FX Daily Strategy: Asia, November 20th
CAD under pressure ahead of Canadian CPI
Further modest losses possible but positioning is extreme
GBP could soften if BoE hints at possibility of December rate cut
Some downside risks to UK CPI
GBP also biased lower as post-Budget risk premium emerges
JPY remains the favoured safe haven as risk appetite wanes on Russia concerns
Figure 1: Clear UK Inflation Drop in Core to Continue?
Source: ONS, Continuum Economics
UK CPI will be the main data focus on Wednesday. Helped by a fall in fuel prices and airfares, amplified by base effects, alongside some belated broader softening in services costs, UK inflation dropped to 1.7% in the September CPI (from 2.2%), thus falling below target for the first time since April 2021. This drop was greater than expected and included an unexpectedly large fall in services inflation to a 28-mth low of 4.9%, in turn dragging the core down 0.4 ppt to a cycle low of 3.2% (Figure 1). Admittedly, that drop in the headline is likely to be short-lived as last month’s rise in the energy price cap (partly dampened by a drop in fuel prices) should pull the headline rate back to around 2.1% in October and average a notch or two higher for the whole of Q4. Regardless, the data backdrop is consistent with underlying inflation having fallen.
Figure 2: Adjusted Core CPI Pressures Falling Afresh
Source: ONS, Continuum Economics, smoothed is 3 mth mov average
The headline measure of services inflation has been driven mainly by volatile and indexed categories of late, so the MPC has built a gauge that excludes those categories and this has seemingly fallen more markedly and now for a few months in a row.
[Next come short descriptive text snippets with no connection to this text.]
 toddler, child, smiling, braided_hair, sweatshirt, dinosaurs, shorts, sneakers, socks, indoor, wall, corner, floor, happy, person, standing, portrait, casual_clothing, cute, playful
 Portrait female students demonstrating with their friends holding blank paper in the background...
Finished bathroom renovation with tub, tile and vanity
Moreover, looking at shorter-term price dynamics, services inflation has fallen towards a near-target rate, this in turn pulling core measures even lower, either on a smoothed m/m basis or the 3-mth ann rate favored by the BoE (Figure 2). Moreover, around 0.5 ppt of services inflation is a result of rising rents, something some (not least ourselves) suggest is pro-cyclical element of the BoE policy stance. But this has not persuaded BoE Chief Economist Pill from citing policy caution ahead about how gradual a rate easing cycle may be. But amid a much softer inflation backdrop now emerging, albeit one we have stressed as being likely, it may actually be real economy matters that determined the pace of BoE easing ahead.
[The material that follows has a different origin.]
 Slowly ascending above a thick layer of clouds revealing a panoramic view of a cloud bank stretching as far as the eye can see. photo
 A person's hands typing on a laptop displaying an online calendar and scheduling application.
Our forecast is slightly below the market consensus of 2.2% for headline inflation, so the risk for GBP should be slightly to the downside. GBP has been underperforming yield spread implied moves since the Budget, suggesting there is something of a risk premium emerging in the pound because of concerns about the economic impact of the Budget, in a similar albeit less pronounced way to the Truss Budget in 2022. Against a less friendly risk backdrop due to the Russia/Ukraine developments, there is all the more reason to favour the GBP downside. While GBP looks a little cheap relative to yield spreads, it remains at historically high levels and has plenty of scope to decline if there is a loss of confidence in UK economic prospects.
The Russia/Ukraine developments have lent a generally more risk negative tone to the FX market, with the JPY and CHF the best performers on Tuesday. In practice, Putin’s comments about the Russian nuclear threat are intended to discourage aggressive Ukrainian attacks and we doubt he will follow through with action. But his comments do introduce further uncertainty heading into the new Trump presidency and it’s hard to take too positive a risk view given the already very low market risk premia. The JPY should remain the preferred safe haven here given its low valuation and the possibility of a BoJ rate hike in December, while the Fed and the SNB are likely to cut, possibly by 50bps in the SNB’s case.